= What you should do =
Retype every line below precisely as it appears.

Scraped caption text data
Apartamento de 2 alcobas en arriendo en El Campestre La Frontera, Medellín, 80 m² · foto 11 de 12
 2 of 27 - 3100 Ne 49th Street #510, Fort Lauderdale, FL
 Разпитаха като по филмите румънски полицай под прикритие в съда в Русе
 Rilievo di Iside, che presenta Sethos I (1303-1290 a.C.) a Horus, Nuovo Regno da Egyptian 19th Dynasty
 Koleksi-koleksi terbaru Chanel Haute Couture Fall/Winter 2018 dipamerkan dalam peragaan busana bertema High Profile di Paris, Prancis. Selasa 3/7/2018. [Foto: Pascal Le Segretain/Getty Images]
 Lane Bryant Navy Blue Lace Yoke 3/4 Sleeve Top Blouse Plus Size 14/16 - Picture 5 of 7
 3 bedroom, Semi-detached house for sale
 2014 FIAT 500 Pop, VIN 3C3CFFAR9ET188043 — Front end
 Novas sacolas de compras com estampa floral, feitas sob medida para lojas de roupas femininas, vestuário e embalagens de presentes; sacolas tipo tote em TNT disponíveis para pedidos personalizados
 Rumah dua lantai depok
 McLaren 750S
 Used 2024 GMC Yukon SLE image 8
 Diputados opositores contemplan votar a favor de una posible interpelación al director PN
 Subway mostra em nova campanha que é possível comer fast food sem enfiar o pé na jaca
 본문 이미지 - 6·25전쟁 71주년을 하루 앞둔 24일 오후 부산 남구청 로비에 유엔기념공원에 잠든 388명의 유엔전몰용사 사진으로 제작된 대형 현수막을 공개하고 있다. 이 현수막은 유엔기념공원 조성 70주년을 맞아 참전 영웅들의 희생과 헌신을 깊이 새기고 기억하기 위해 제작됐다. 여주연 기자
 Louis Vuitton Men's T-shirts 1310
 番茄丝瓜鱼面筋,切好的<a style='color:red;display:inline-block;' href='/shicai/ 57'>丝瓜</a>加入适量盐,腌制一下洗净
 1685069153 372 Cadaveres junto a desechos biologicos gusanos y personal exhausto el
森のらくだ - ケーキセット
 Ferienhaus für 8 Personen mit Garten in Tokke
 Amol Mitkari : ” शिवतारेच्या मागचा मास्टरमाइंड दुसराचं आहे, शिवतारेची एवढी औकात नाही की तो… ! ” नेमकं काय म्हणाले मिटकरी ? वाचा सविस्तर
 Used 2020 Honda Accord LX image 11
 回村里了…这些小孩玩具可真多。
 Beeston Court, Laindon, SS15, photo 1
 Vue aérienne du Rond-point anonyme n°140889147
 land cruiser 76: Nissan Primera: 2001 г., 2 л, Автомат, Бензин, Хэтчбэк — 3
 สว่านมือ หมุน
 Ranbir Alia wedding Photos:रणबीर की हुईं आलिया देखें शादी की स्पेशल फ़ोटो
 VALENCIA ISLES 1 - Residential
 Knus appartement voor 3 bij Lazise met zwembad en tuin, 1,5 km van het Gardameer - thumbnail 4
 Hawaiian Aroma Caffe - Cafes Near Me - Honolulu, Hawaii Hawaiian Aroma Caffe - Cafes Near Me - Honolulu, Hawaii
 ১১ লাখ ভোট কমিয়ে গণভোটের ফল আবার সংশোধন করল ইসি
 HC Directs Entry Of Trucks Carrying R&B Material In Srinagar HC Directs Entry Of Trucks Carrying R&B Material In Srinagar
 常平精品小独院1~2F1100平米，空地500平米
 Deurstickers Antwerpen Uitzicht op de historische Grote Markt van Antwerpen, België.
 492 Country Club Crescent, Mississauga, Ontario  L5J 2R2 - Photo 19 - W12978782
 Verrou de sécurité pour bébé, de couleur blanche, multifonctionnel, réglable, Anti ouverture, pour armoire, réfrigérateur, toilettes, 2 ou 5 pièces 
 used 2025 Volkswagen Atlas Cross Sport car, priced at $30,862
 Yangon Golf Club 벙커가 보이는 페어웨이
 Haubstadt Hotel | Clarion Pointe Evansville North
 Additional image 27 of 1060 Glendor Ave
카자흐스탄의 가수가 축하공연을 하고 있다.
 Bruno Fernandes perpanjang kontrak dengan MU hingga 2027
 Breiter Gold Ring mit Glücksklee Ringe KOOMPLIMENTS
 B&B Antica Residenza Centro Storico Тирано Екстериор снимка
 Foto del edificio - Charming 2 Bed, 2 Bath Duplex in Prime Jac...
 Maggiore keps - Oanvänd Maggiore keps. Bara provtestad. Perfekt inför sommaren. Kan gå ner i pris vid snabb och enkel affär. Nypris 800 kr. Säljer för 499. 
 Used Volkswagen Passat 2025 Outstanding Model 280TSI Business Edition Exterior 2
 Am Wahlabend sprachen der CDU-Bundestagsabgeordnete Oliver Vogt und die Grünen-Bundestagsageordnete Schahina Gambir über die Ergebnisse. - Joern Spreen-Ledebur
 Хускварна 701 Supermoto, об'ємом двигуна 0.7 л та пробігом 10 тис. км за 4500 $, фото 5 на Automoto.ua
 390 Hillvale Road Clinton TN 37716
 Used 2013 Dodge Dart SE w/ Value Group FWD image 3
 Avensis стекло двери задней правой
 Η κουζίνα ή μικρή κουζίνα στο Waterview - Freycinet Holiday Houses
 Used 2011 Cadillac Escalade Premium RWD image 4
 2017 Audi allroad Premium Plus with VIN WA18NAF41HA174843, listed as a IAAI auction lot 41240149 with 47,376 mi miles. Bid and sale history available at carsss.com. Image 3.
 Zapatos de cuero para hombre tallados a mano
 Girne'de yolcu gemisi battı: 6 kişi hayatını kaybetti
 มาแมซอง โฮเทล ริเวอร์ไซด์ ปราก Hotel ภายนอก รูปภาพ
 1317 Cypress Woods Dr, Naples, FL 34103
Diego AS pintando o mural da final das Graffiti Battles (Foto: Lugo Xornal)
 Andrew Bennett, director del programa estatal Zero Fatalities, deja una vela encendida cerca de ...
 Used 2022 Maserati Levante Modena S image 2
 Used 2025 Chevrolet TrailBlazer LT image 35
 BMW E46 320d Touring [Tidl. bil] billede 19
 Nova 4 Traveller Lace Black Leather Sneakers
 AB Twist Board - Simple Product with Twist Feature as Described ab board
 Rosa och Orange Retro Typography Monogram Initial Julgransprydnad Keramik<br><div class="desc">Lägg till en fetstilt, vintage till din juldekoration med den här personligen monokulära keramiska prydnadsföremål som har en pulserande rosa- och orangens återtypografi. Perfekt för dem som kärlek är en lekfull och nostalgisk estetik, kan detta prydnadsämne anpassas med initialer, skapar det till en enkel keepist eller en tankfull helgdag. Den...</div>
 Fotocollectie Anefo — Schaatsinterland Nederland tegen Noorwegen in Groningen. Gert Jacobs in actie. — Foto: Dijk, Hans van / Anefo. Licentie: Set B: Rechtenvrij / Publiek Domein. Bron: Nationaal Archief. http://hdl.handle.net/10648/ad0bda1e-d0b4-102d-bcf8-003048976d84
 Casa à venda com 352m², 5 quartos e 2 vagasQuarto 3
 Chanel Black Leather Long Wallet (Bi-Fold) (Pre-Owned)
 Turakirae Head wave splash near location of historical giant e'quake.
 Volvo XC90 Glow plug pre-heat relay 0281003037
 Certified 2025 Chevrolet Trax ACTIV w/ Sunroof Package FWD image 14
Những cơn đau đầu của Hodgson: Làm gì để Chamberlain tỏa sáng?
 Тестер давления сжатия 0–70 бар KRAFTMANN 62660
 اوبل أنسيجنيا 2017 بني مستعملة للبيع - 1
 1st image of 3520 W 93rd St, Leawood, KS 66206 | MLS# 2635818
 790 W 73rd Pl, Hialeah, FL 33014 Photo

= Your solution =
Apartamento de 2 alcobas en arriendo en El Campestre La Frontera, Medellín, 80 m² · foto 11 de 12
 2 of 27 - 3100 Ne 49th Street #510, Fort Lauderdale, FL
 Разпитаха като по филмите румънски полицай под прикритие в съда в Русе
 Rilievo di Iside, che presenta Sethos I (1303-1290 a.C.) a Horus, Nuovo Regno da Egyptian 19th Dynasty
 Koleksi-koleksi terbaru Chanel Haute Couture Fall/Winter 2018 dipamerkan dalam peragaan busana bertema High Profile di Paris, Prancis. Selasa 3/7/2018. [Foto: Pascal Le Segretain/Getty Images]
 Lane Bryant Navy Blue Lace Yoke 3/4 Sleeve Top Blouse Plus Size 14/16 - Picture 5 of 7
 3 bedroom, Semi-detached house for sale
 2014 FIAT 500 Pop, VIN 3C3CFFAR9ET188043 — Front end
 Novas sacolas de compras com estampa floral, feitas sob medida para lojas de roupas femininas, vestuário e embalagens de presentes; sacolas tipo tote em TNT disponíveis para pedidos personalizados
 Rumah dua lantai depok
 McLaren 750S
 Used 2024 GMC Yukon SLE image 8
 Diputados opositores contemplan votar a favor de una posible interpelación al director PN
 Subway mostra em nova campanha que é possível comer fast food sem enfiar o pé na jaca
 본문 이미지 - 6·25전쟁 71주년을 하루 앞둔 24일 오후 부산 남구청 로비에 유엔기념공원에 잠든 388명의 유엔전몰용사 사진으로 제작된 대형 현수막을 공개하고 있다. 이 현수막은 유엔기념공원 조성 70주년을 맞아 참전 영웅들의 희생과 헌신을 깊이 새기고 기억하기 위해 제작됐다. 여주연 기자
 Louis Vuitton Men's T-shirts 1310
 番茄丝瓜鱼面筋,切好的<a style='color:red;display:inline-block;' href='/shicai/ 57'>丝瓜</a>加入适量盐,腌制一下洗净
 1685069153 372 Cadaveres junto a desechos biologicos gusanos y personal exhausto el
森のらくだ - ケーキセット
 Ferienhaus für 8 Personen mit Garten in Tokke
 Amol Mitkari : ” शिवतारेच्या मागचा मास्टरमाइंड दुसराचं आहे, शिवतारेची एवढी औकात नाही की तो… ! ” नेमकं काय म्हणाले मिटकरी ? वाचा सविस्तर
 Used 2020 Honda Accord LX image 11
 回村里了…这些小孩玩具可真多。
 Beeston Court, Laindon, SS15, photo 1
 Vue aérienne du Rond-point anonyme n°140889147
 land cruiser 76: Nissan Primera: 2001 г., 2 л, Автомат, Бензин, Хэтчбэк — 3
 สว่านมือ หมุน
 Ranbir Alia wedding Photos:रणबीर की हुईं आलिया देखें शादी की स्पेशल फ़ोटो
 VALENCIA ISLES 1 - Residential
 Knus appartement voor 3 bij Lazise met zwembad en tuin, 1,5 km van het Gardameer - thumbnail 4
 Hawaiian Aroma Caffe - Cafes Near Me - Honolulu, Hawaii Hawaiian Aroma Caffe - Cafes Near Me - Honolulu, Hawaii
 ১১ লাখ ভোট কমিয়ে গণভোটের ফল আবার সংশোধন করল ইসি
 HC Directs Entry Of Trucks Carrying R&B Material In Srinagar HC Directs Entry Of Trucks Carrying R&B Material In Srinagar
 常平精品小独院1~2F1100平米，空地500平米
 Deurstickers Antwerpen Uitzicht op de historische Grote Markt van Antwerpen, België.
 492 Country Club Crescent, Mississauga, Ontario  L5J 2R2 - Photo 19 - W12978782
 Verrou de sécurité pour bébé, de couleur blanche, multifonctionnel, réglable, Anti ouverture, pour armoire, réfrigérateur, toilettes, 2 ou 5 pièces 
 used 2025 Volkswagen Atlas Cross Sport car, priced at $30,862
 Yangon Golf Club 벙커가 보이는 페어웨이
 Haubstadt Hotel | Clarion Pointe Evansville North
 Additional image 27 of 1060 Glendor Ave
카자흐스탄의 가수가 축하공연을 하고 있다.
 Bruno Fernandes perpanjang kontrak dengan MU hingga 2027
 Breiter Gold Ring mit Glücksklee Ringe KOOMPLIMENTS
 B&B Antica Residenza Centro Storico Тирано Екстериор снимка
 Foto del edificio - Charming 2 Bed, 2 Bath Duplex in Prime Jac...
 Maggiore keps - Oanvänd Maggiore keps. Bara provtestad. Perfekt inför sommaren. Kan gå ner i pris vid snabb och enkel affär. Nypris 800 kr. Säljer för 499. 
 Used Volkswagen Passat 2025 Outstanding Model 280TSI Business Edition Exterior 2
 Am Wahlabend sprachen der CDU-Bundestagsabgeordnete Oliver Vogt und die Grünen-Bundestagsageordnete Schahina Gambir über die Ergebnisse. - Joern Spreen-Ledebur
 Хускварна 701 Supermoto, об'ємом двигуна 0.7 л та пробігом 10 тис. км за 4500 $, фото 5 на Automoto.ua
 390 Hillvale Road Clinton TN 37716
 Used 2013 Dodge Dart SE w/ Value Group FWD image 3
 Avensis стекло двери задней правой
 Η κουζίνα ή μικρή κουζίνα στο Waterview - Freycinet Holiday Houses
 Used 2011 Cadillac Escalade Premium RWD image 4
 2017 Audi allroad Premium Plus with VIN WA18NAF41HA174843, listed as a IAAI auction lot 41240149 with 47,376 mi miles. Bid and sale history available at carsss.com. Image 3.
 Zapatos de cuero para hombre tallados a mano
 Girne'de yolcu gemisi battı: 6 kişi hayatını kaybetti
 มาแมซอง โฮเทล ริเวอร์ไซด์ ปราก Hotel ภายนอก รูปภาพ
 1317 Cypress Woods Dr, Naples, FL 34103
Diego AS pintando o mural da final das Graffiti Battles (Foto: Lugo Xornal)
 Andrew Bennett, director del programa estatal Zero Fatalities, deja una vela encendida cerca de ...
 Used 2022 Maserati Levante Modena S image 2
 Used 2025 Chevrolet TrailBlazer LT image 35
 BMW E46 320d Touring [Tidl. bil] billede 19
 Nova 4 Traveller Lace Black Leather Sneakers
 AB Twist Board - Simple Product with Twist Feature as Described ab board
 Rosa och Orange Retro Typography Monogram Initial Julgransprydnad Keramik<br><div class="desc">Lägg till en fetstilt, vintage till din juldekoration med den här personligen monokulära keramiska prydnadsföremål som har en pulserande rosa- och orangens återtypografi. Perfekt för dem som kärlek är en lekfull och nostalgisk estetik, kan detta prydnadsämne anpassas med initialer, skapar det till en enkel keepist eller en tankfull helgdag. Den...</div>
 Fotocollectie Anefo — Schaatsinterland Nederland tegen Noorwegen in Groningen. Gert Jacobs in actie. — Foto: Dijk, Hans van / Anefo. Licentie: Set B: Rechtenvrij / Publiek Domein. Bron: Nationaal Archief. http://hdl.handle.net/10648/ad0bda1e-d0b4-102d-bcf8-003048976d84
 Casa à venda com 352m², 5 quartos e 2 vagasQuarto 3
 Chanel Black Leather Long Wallet (Bi-Fold) (Pre-Owned)
 Turakirae Head wave splash near location of historical giant e'quake.
 Volvo XC90 Glow plug pre-heat relay 0281003037
 Certified 2025 Chevrolet Trax ACTIV w/ Sunroof Package FWD image 14
Những cơn đau đầu của Hodgson: Làm gì để Chamberlain tỏa sáng?
 Тестер давления сжатия 0–70 бар KRAFTMANN 62660
 اوبل أنسيجنيا 2017 بني مستعملة للبيع - 1
 1st image of 3520 W 93rd St, Leawood, KS 66206 | MLS# 2635818
 790 W 73rd Pl, Hialeah, FL 33014 Photo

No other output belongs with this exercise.